Sortie dans le centre-ville pour faire ses achats, la commandante pestait face à l'affluence de la rue marchande. En plein été, la ville était en effervescence. Les touristes avaient investi les boutiques et terrasses et les rues grouillaient de monde. Elle parvint tant bien que mal à se faufiler hors de la rue et débarqua sur l'esplanade les bras chargés de provisions. Elle marchait lentement lorsqu'elle entendit son nom. Surprise, Candice s'immobilisa et tourna la tête vers la gauche. Elle ne tarda pas à voir une petite fille souriante accourir vers elle.

« Suzanne ? s'étonna-t-elle alors que la petite venait de se planter devant elle.

- J'suis avec mamie ! expliqua-t-elle alors qu'Isaure arrivait à leurs côtés.

- Bonjour… lâcha-t-elle faiblement.

- Bonjour Candice. Désolée, j'ai pas réussi à la retenir.

- Ah non mais y a pas de mal ! rétorqua-t-elle en souriant.

- T'as vu mon nouveau bracelet ?

- Il est super chouette dis-donc !

- Ouais. Il a coûté super cher en plus… J'ai hâte de le montrer à papa…

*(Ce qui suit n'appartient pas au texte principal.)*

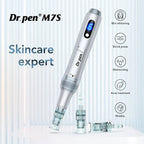 Dr. Pen M7S silver microneedling pen skincare display with cartridge tips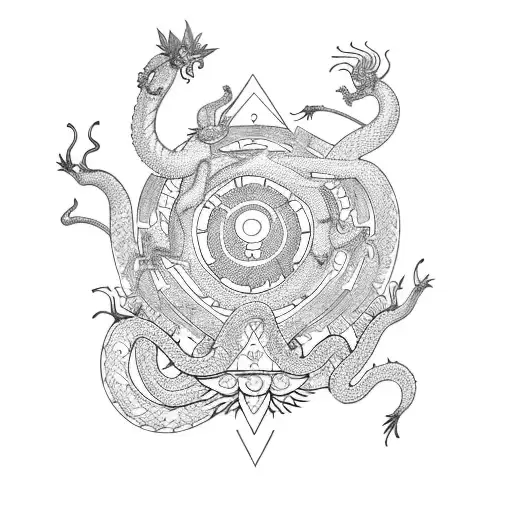 God hermes scepter, with a snake and a dragon around it, with sakura trees and spider lily flowers tattoo design idea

- Bah oui, il sera content.

- T'as vu ! Il s'amuse bien ! Il va presque tout le temps à la plage…

- Ah ? demanda-t-elle en fixant son ex-belle-mère. Oui… Il a de la chance.

- Il a dit que tu pouvais pas aller avec lui à cause de ton travail… C'est trop dommage…

- Oui c'est vrai…

- À toi aussi il te manque ? »

À cette remarque, Candice sentit ses yeux s'embuer. Évidemment qu'il lui manquait… Cela faisait plus de quinze jours qu'elle n'avait plus de nouvelles. Plus de quinze jours qu'elle ne l'avait pas vu… Plus de quinze jours que chaque jour qui passait devenait encore plus fade que le précédent. Alors la blonde se contenta d'acquiescer gentiment avant de fixer longuement l'ex-avocate qui restait impassible. Suzanne demanda à sa grand-mère pour s'éclipser aux jeux qui grouillaient d'enfants. Elle accepta et la petite disparut, laissant les deux femmes dans un face à face insoutenable.

« Vous savez où il est ?

Isaure détourna le regard.

Donc vous savez où il est…

- Il m'a demandé de rien dire Candice… Je peux pas le trahir… Et puis honnêtement, aller le voir… Je suis pas certaine que ce soit la bonne solution…

- Je sais… De toute façon il veut plus me parler… lâcha-t-elle tristement.

- Il a besoin de prendre un peu de recul…

- Il rentre quand ?

- Samedi.

Elle acquiesça sans sourire.

- Vous avez le temps pour un café ?

- Un café ? s'étonna-t-elle. Moi qui pensais que vous me détestiez…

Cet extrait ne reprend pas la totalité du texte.